Ulrich Conrads and Hans-G. Sperlich’s Phantastische Architektur of 1960 abounded with illustrations of built, unbuilt, and unbuildable schemes by a host of nineteenth- and twentieth-century visionaries outside the mainstream Modernist canon, including Fuller, whose geodesic domes were depicted.1 The revolutionary fervor that fueled the early Modern Movement had cooled by the early Sixties. But new, alternative versions of modernism found a plausible prehistory in Visionary Architects: Boullée, Ledoux, Lequeu of 1968, the catalog for an eye-opening exhibition of little-known eighteenth-century French renderings of hypothetical monuments on view at the Metropolitan Museum of Art just as les événements de mai played out in Paris.

Visionary schemes produced during the 1960s (many of which involved prefabrication, or employed engineering techniques devised or championed by Fuller) are now being reevaluated by architectural historians, including Larry Busbea, who teaches at the University of Arizona. Busbea’s superb Topologies: The Urban Utopia in France, 1960–1970 is the first book-length study of a time and place when technologically innovative design proposals flourished on architects’ drawing boards but languished in the corridors of power.
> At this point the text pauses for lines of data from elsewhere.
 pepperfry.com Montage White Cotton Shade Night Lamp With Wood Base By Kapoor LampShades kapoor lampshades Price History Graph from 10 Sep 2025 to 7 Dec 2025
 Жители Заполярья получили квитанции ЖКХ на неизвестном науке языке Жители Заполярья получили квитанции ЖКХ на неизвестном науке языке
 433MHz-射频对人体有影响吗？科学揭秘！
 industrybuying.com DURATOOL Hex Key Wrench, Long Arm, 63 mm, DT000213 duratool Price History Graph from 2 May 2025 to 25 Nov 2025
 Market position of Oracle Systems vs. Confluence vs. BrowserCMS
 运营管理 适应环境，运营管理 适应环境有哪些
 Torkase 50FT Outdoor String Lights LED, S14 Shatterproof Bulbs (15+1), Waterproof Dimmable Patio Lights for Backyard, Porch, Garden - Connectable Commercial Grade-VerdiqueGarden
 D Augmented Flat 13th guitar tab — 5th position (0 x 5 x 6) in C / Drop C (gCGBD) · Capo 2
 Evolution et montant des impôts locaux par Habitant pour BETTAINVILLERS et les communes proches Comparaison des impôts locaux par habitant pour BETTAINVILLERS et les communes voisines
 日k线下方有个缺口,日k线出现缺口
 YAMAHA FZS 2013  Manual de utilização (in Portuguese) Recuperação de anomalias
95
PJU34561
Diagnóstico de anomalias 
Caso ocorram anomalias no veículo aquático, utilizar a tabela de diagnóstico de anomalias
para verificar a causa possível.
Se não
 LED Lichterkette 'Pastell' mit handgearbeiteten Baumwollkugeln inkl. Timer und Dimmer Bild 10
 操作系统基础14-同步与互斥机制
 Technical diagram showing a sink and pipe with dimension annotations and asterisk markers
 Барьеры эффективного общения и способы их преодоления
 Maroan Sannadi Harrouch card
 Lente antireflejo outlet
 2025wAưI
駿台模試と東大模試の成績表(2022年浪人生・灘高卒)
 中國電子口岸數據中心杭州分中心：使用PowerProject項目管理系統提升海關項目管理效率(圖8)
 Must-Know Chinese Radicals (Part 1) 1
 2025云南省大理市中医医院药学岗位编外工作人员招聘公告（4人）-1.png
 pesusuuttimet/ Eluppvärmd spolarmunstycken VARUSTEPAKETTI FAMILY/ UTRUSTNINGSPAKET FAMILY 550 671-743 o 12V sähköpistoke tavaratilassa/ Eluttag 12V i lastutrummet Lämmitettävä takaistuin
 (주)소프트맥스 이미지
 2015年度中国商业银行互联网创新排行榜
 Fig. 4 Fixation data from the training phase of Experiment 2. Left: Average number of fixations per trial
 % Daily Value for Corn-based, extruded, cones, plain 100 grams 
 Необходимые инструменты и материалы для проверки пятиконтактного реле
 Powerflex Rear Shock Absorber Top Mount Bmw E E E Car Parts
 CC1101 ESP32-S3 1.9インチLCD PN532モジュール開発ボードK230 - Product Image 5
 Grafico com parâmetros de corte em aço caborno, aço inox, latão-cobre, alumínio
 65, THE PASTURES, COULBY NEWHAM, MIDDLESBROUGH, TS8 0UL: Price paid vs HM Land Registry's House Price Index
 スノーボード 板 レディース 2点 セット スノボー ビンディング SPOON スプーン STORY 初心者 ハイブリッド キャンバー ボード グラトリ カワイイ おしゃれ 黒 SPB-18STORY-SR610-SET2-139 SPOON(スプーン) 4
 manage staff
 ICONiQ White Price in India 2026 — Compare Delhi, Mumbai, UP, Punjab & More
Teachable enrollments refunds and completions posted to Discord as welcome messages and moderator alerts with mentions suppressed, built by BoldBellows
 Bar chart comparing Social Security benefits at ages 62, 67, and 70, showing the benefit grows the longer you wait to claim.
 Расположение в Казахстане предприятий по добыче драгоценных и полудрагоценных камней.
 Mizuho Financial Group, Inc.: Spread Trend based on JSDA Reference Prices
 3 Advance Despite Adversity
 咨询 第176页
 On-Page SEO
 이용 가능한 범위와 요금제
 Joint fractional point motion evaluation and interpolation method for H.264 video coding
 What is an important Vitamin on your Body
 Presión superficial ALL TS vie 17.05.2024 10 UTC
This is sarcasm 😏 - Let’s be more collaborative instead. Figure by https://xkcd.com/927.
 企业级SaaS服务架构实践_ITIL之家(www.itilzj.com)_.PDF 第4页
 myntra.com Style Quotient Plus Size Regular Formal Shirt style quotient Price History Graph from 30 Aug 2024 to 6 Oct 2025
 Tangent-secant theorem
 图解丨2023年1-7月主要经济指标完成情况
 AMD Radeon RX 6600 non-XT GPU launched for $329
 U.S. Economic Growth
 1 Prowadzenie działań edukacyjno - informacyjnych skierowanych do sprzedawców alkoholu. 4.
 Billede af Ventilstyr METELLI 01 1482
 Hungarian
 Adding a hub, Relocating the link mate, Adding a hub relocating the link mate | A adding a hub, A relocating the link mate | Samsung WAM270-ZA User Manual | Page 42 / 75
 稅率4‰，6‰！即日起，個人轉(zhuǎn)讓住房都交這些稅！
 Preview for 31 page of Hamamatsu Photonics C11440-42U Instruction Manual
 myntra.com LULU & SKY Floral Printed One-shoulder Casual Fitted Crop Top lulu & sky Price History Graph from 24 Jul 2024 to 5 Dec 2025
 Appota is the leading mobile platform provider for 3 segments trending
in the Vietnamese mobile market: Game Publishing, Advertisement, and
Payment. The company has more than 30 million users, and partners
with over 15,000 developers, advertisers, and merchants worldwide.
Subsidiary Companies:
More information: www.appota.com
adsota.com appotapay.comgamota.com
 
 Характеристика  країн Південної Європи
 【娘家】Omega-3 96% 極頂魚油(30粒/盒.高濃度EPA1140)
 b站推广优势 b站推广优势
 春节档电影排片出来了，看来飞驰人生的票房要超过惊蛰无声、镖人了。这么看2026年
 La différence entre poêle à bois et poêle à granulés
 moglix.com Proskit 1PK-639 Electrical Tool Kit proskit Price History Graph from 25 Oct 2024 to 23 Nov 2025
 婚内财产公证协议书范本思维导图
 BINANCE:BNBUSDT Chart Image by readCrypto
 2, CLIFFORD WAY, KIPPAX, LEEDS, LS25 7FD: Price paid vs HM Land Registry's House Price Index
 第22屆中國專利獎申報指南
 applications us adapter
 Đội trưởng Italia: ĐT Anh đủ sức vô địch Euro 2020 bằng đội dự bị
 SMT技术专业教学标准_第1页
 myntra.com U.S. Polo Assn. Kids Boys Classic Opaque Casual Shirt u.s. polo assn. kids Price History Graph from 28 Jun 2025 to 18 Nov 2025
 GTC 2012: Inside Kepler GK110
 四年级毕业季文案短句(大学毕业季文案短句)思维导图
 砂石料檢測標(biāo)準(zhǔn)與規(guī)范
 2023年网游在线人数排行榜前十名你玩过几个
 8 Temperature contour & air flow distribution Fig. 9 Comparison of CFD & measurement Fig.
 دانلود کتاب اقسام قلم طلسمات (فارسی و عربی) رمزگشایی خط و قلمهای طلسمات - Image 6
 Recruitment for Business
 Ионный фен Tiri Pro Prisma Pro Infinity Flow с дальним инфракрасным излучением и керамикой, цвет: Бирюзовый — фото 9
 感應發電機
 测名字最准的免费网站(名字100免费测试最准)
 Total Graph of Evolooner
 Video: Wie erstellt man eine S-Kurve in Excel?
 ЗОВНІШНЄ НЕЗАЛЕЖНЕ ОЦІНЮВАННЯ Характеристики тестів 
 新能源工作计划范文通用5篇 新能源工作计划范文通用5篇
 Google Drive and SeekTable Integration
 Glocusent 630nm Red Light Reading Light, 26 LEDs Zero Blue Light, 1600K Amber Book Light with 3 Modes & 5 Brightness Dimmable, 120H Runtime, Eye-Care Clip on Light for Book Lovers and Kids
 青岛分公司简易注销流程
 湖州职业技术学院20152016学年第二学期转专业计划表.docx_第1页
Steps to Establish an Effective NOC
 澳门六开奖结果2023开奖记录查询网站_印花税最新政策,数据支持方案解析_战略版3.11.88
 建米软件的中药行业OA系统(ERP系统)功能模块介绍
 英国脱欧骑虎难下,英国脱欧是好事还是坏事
The most characteristic manifestation of France’s postwar architectural avant-garde was the multifunctional megastructure, idealized by leftist theorists and practitioners as a catalyst for social transformation. Exemplified by the Hungarian-born architect Yona Friedman’s several unbuilt Spatial City schemes of the late Fifties and Sixties for Paris and Tunis, these sprawling mixed-use agglomerations resembled vast jungle gyms connected by lengthy public concourses and interspersed with modular enclosures. Friedman considered his designs the building blocks for an “extendable city” in which easily reconfigurable lightweight frameworks would supersede socially oppressive urban patterns, epitomized by Haussmann’s Paris city plan of the mid-nineteenth century.2

Busbea, in confident command of very abstruse material, gives a brisk and lucid account of the theoretical issues that shaped architectural thought during the initial decade of the French Fifth Republic. He places those concerns within the larger intellectual context of the Prospectivists, a forward- thinking coterie that included politicians such as Pierre Mendès France and the journalists Jean-Jacques Servan-Schreiber and Françoise Giroud, who shared a conviction that their country’s restoration to its pre-war international prominence could be achieved through a concerted program of scientific and technological progress.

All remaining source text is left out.